The Sudden Increase in the Rate of Sea Level Rise

New Scientist
New ScientistMay 21, 2026

Why It Matters

The faster‑than‑expected sea‑level rise amplifies coastal flood risk and could outpace current mitigation and adaptation strategies, impacting economies and communities worldwide.

Key Takeaways

  • Sea level rise rate jumped from 2.9 mm/yr to 4.1 mm/yr after 2012.
  • Researchers link acceleration to reduced cooling aerosols, especially from China.
  • Deep‑ocean warming below 2 km may account for unexplained rise.
  • IPCC projects up to 2 m rise by 2100, worst‑case 5 m by 2150.
  • Continued rise could reach 15 m by 2300 if emissions persist.

Summary

The video discusses recent acceleration in global sea‑level rise, noting that satellite records over three decades showed a relatively steady increase of about 3.6 mm per year, but a distinct jump occurred around 2012, raising the rate from 2.9 mm/yr to 4.1 mm/yr.

Researchers attribute the acceleration partly to reduced aerosol cooling, especially sulfur emissions from China, and to warming of deep ocean layers below 2 km, which expands water volume.
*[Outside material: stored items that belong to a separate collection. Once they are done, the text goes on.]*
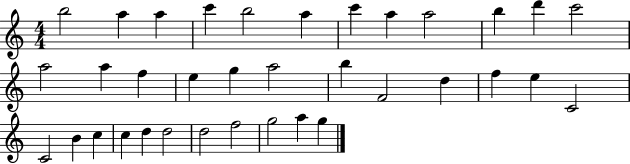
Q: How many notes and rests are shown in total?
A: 35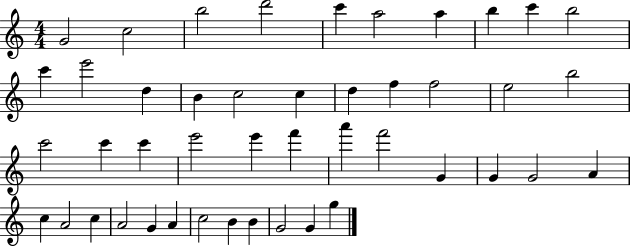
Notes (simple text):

G4/h C5/h B5/h D6/h C6/q A5/h A5/q B5/q C6/q B5/h C6/q E6/h D5/q B4/q C5/h C5/q D5/q F5/q F5/h E5/h B5/h C6/h C6/q C6/q E6/h E6/q F6/q A6/q F6/h G4/q G4/q G4/h A4/q C5/q A4/h C5/q A4/h G4/q A4/q C5/h B4/q B4/q G4/h G4/q G5/q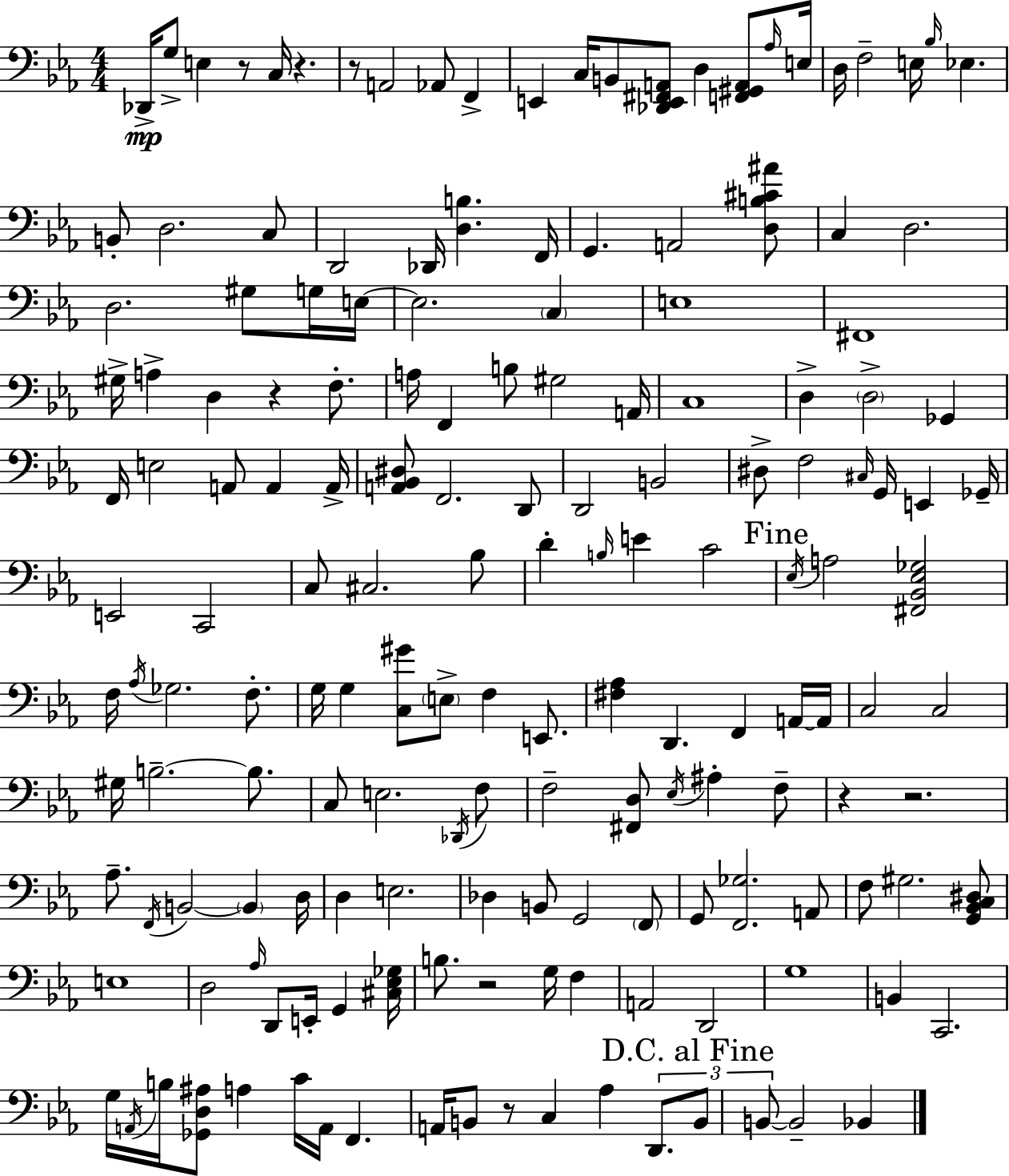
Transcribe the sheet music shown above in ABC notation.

X:1
T:Untitled
M:4/4
L:1/4
K:Eb
_D,,/4 G,/2 E, z/2 C,/4 z z/2 A,,2 _A,,/2 F,, E,, C,/4 B,,/2 [_D,,E,,^F,,A,,]/2 D, [F,,^G,,A,,]/2 _A,/4 E,/4 D,/4 F,2 E,/4 _B,/4 _E, B,,/2 D,2 C,/2 D,,2 _D,,/4 [D,B,] F,,/4 G,, A,,2 [D,B,^C^A]/2 C, D,2 D,2 ^G,/2 G,/4 E,/4 E,2 C, E,4 ^F,,4 ^G,/4 A, D, z F,/2 A,/4 F,, B,/2 ^G,2 A,,/4 C,4 D, D,2 _G,, F,,/4 E,2 A,,/2 A,, A,,/4 [A,,_B,,^D,]/2 F,,2 D,,/2 D,,2 B,,2 ^D,/2 F,2 ^C,/4 G,,/4 E,, _G,,/4 E,,2 C,,2 C,/2 ^C,2 _B,/2 D B,/4 E C2 _E,/4 A,2 [^F,,_B,,_E,_G,]2 F,/4 _A,/4 _G,2 F,/2 G,/4 G, [C,^G]/2 E,/2 F, E,,/2 [^F,_A,] D,, F,, A,,/4 A,,/4 C,2 C,2 ^G,/4 B,2 B,/2 C,/2 E,2 _D,,/4 F,/2 F,2 [^F,,D,]/2 _E,/4 ^A, F,/2 z z2 _A,/2 F,,/4 B,,2 B,, D,/4 D, E,2 _D, B,,/2 G,,2 F,,/2 G,,/2 [F,,_G,]2 A,,/2 F,/2 ^G,2 [G,,_B,,C,^D,]/2 E,4 D,2 _A,/4 D,,/2 E,,/4 G,, [^C,_E,_G,]/4 B,/2 z2 G,/4 F, A,,2 D,,2 G,4 B,, C,,2 G,/4 A,,/4 B,/4 [_G,,D,^A,]/2 A, C/4 A,,/4 F,, A,,/4 B,,/2 z/2 C, _A, D,,/2 B,,/2 B,,/2 B,,2 _B,,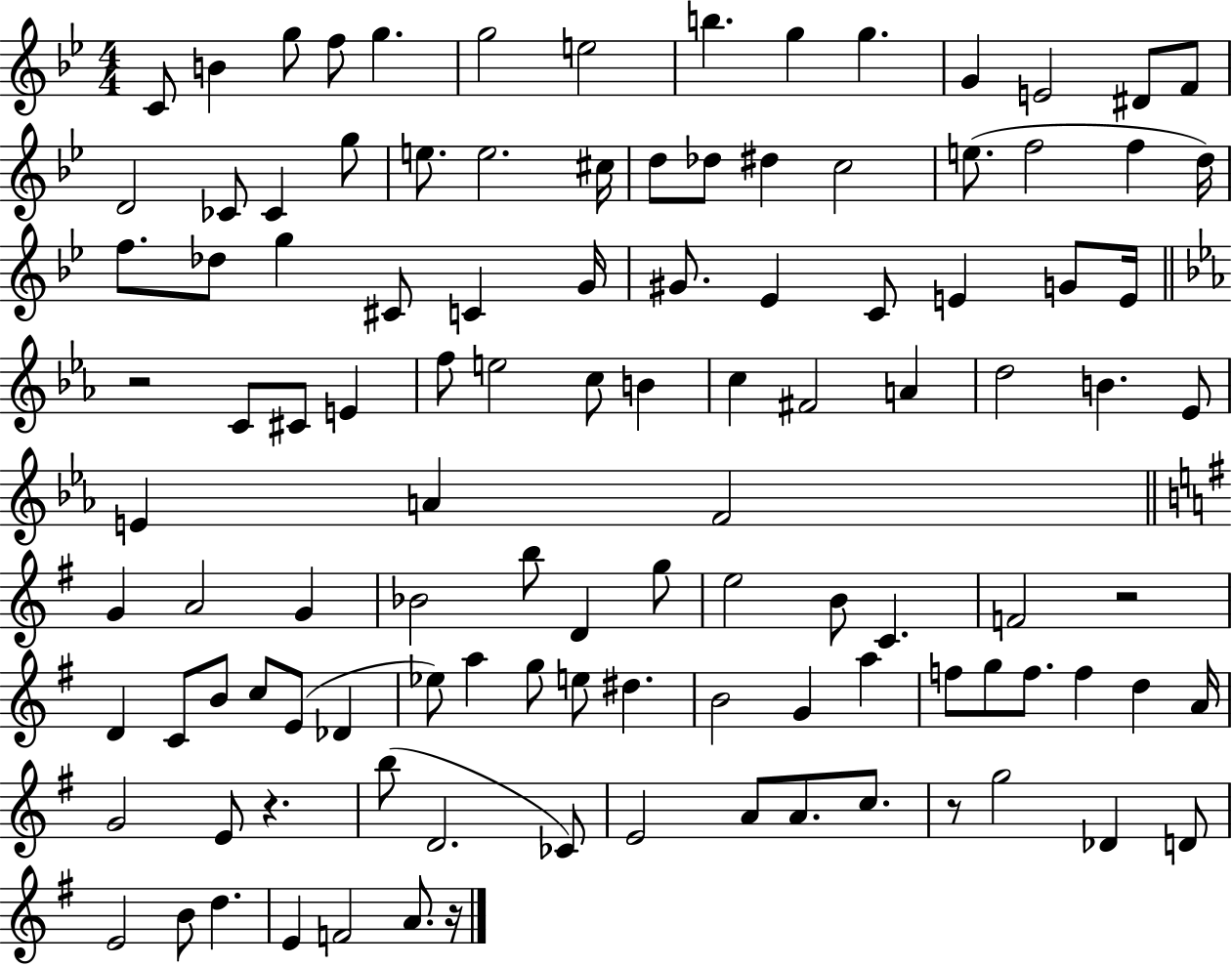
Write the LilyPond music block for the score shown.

{
  \clef treble
  \numericTimeSignature
  \time 4/4
  \key bes \major
  c'8 b'4 g''8 f''8 g''4. | g''2 e''2 | b''4. g''4 g''4. | g'4 e'2 dis'8 f'8 | \break d'2 ces'8 ces'4 g''8 | e''8. e''2. cis''16 | d''8 des''8 dis''4 c''2 | e''8.( f''2 f''4 d''16) | \break f''8. des''8 g''4 cis'8 c'4 g'16 | gis'8. ees'4 c'8 e'4 g'8 e'16 | \bar "||" \break \key ees \major r2 c'8 cis'8 e'4 | f''8 e''2 c''8 b'4 | c''4 fis'2 a'4 | d''2 b'4. ees'8 | \break e'4 a'4 f'2 | \bar "||" \break \key e \minor g'4 a'2 g'4 | bes'2 b''8 d'4 g''8 | e''2 b'8 c'4. | f'2 r2 | \break d'4 c'8 b'8 c''8 e'8( des'4 | ees''8) a''4 g''8 e''8 dis''4. | b'2 g'4 a''4 | f''8 g''8 f''8. f''4 d''4 a'16 | \break g'2 e'8 r4. | b''8( d'2. ces'8) | e'2 a'8 a'8. c''8. | r8 g''2 des'4 d'8 | \break e'2 b'8 d''4. | e'4 f'2 a'8. r16 | \bar "|."
}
Conventional contributors—thermal expansion of surface waters, glacier melt, and ice‑sheet loss—no longer fully explain the observed rise.

The video cites IPCC projections ranging from a median 1 m rise by 2100 to a worst‑case 2 m, with extreme scenarios of 5 m by 2150 and even 15 m by 2300. A quoted line emphasizes that sea‑level rise “won’t stop; it will keep on rising and rising.”

The accelerating trend signals heightened risk for coastal infrastructure, real‑estate markets, and low‑lying populations, urging policymakers to factor higher sea‑level scenarios into adaptation planning and to reconsider emissions pathways that could exacerbate deep‑ocean warming.

Original Description

There has been a sudden increase in the rate of sea level rise
The average global sea level has already risen by more than 0.2 metres over the past 15 years as a result of global warming. This has been caused by a number of factors: as well as increasing melting of mountain glaciers and the ice sheets of Greenland and Antarctica, the oceans are expanding as they warm.
Satellite measurements of sea level began only in the 1990s and the rate of rise was thought to have been fairly steady, at around 3.6 millimetres per year. But, as more satellite data has come in, researchers have spotted a sudden acceleration around 2012, which has remained higher ever since.